|UNITED STATES OF AMERICA,||
Before EBEL, HENRY, and HARTZ, Circuit Judges.
Mr. Smith pleaded guilty in the United States District Court for the District of Colorado to three counts of armed bank robbery and one count of possession or use of a firearm in connection with a crime of violence. The district court entered his convictions on May 25, 1999. Mr. Smith did not file a direct appeal of his convictions. He filed the instant § 2255 motion on October 11, 2002.
The limitations period established by the Anti-Terrorism and Effective Death Penalty Act (AEDPA) required Mr. Smith to file his § 2255 motion within a year of the date on which his convictions became final. See 28 U.S.C. § 2255(1). As the district court observed, Mr. Smith's conviction became final on June 4, 1999, when the time for filing a notice of appeal of his convictions expired. See United States v. Burch, 202 F.3d 1274, 1276 (10th Cir. 2000) (holding that "for purposes of determining when the limitations period in 28 U.S.C. § 2255(1) begins to run if a defendant does not petition the United States Supreme Court for a writ of certiorari after her direct appeal, her judgment of conviction is final after the time for seeking certiorari review has expired"); Kapral v. United States, 166 F.3d 565, 577 (3d Cir. 1999) ( holding that "[i]f a defendant does not pursue a timely direct appeal to the court of appeals, his or her conviction and sentence become final, and the statute of limitation begins to run, on the date on which the time for filing such an appeal expired"); Fed. R. App. P. 4(b)(1)(A) (requiring a notice of appeal to be filed within ten days of the entry of the judgment of conviction). Accordingly, Mr. Smith had until June 4, 2000 to timely file a § 2255 motion challenging his convictions. See United States v. Hurst, no. 01-7057, 2003 WL 1439621, at *3 (10th Cir. Mar 21, 2003) (holding that "[a] motion presented to the court on the anniversary date of a triggering event is within the '1-year period of limitation' set out in § 2255"). However, Mr. Smith did not file his § 2255 motion until October 11, 2002--more than two years after the limitations period expired.

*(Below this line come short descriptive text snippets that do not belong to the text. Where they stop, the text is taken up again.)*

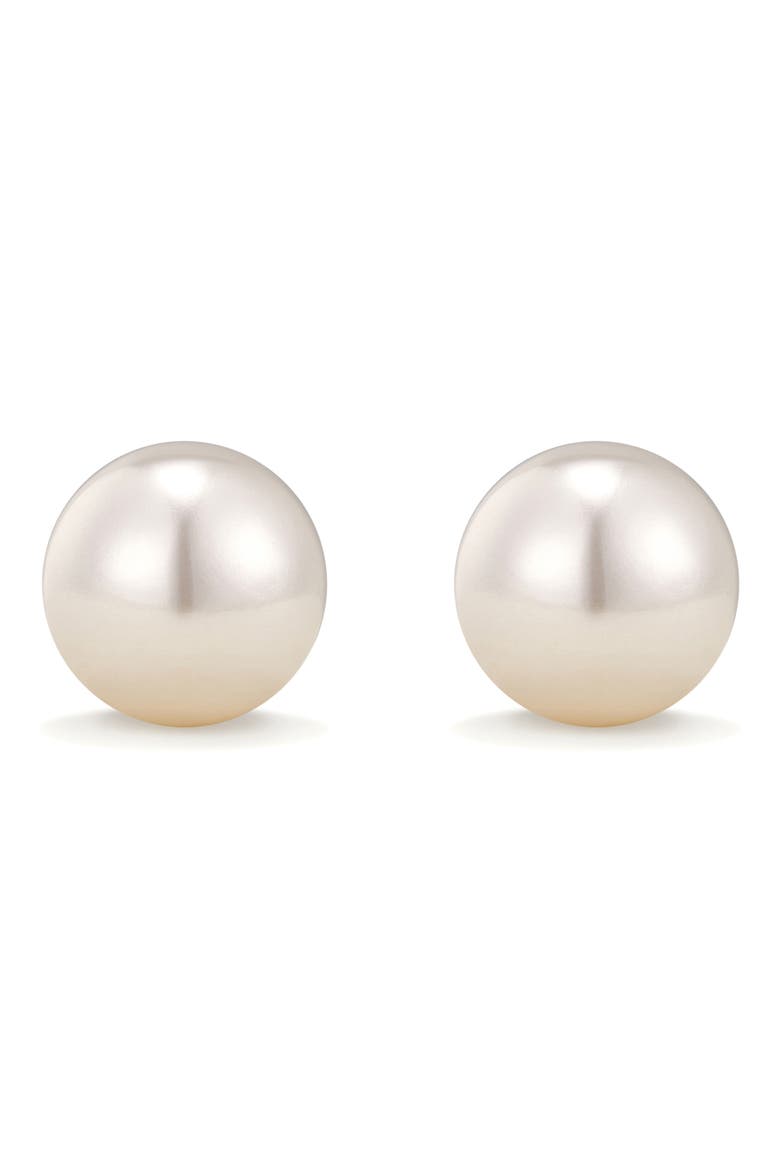 Freshwater Pearl Stud Earrings, Main, color, GOLD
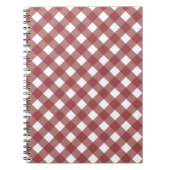 Maroon Gingham Print Notebook Journal Notizblock (Vorderseite)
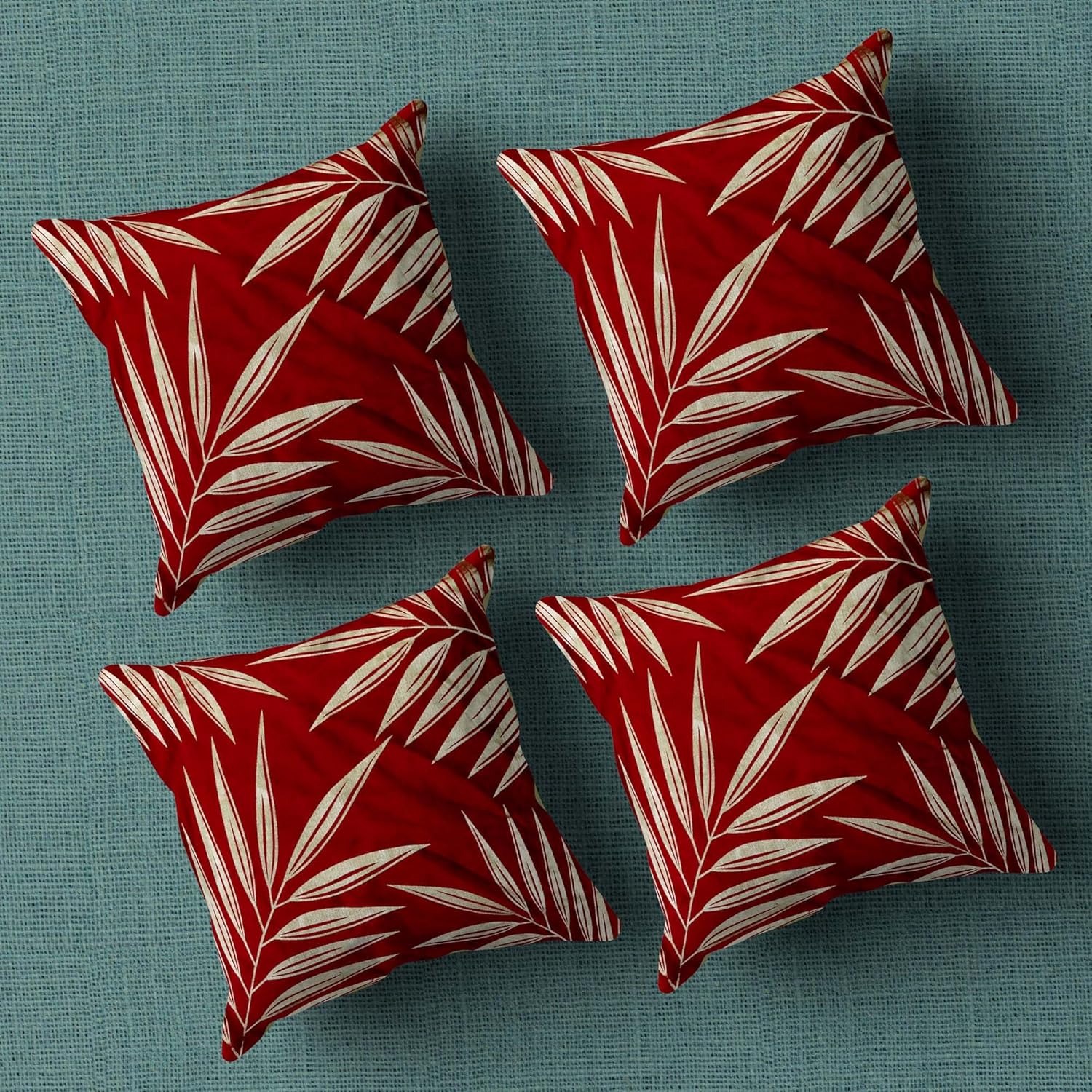 Tropical Leaves Printed Pillow Cover_Brown & Gold Velvet Cushion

Although we have held that this limitations period may be equitably tolled in certain limited circumstances, the facts of this case do not warrant such equitable tolling. See Marsh v. Soares, 223 F.3d 1217, 1220 (10th Cir. 2000) (stating that equitable tolling "is only available when an inmate diligently pursues his claims and demonstrates that the failure to timely file was caused by extraordinary circumstances beyond his control").
Accordingly, Mr. Smith has failed to make either a "substantial showing of the denial of a constitutional right," 28 U.S.C. § 2253(c)(2), or "a reasoned, nonfrivolous argument on the law and facts in support of the issues raised," McIntosh v. United States Parole Comm'n, 115 F.3d 809, 812 (10th Cir. 1997) (internal quotation marks omitted). For substantially the same reasons as set forth
in the district court's order, we therefore DENY Mr. Smith's application for a COA, DENY his motion to proceed IFP, and DISMISS this appeal.
Robert H. Henry
*. This order is not binding precedent, except under the doctrines of law of the case, res judicata, and collateral estoppel. The court generally disfavors the citation of unpublished orders; nevertheless, this order may be cited under the terms and conditions of 10th Cir. R. 36.3.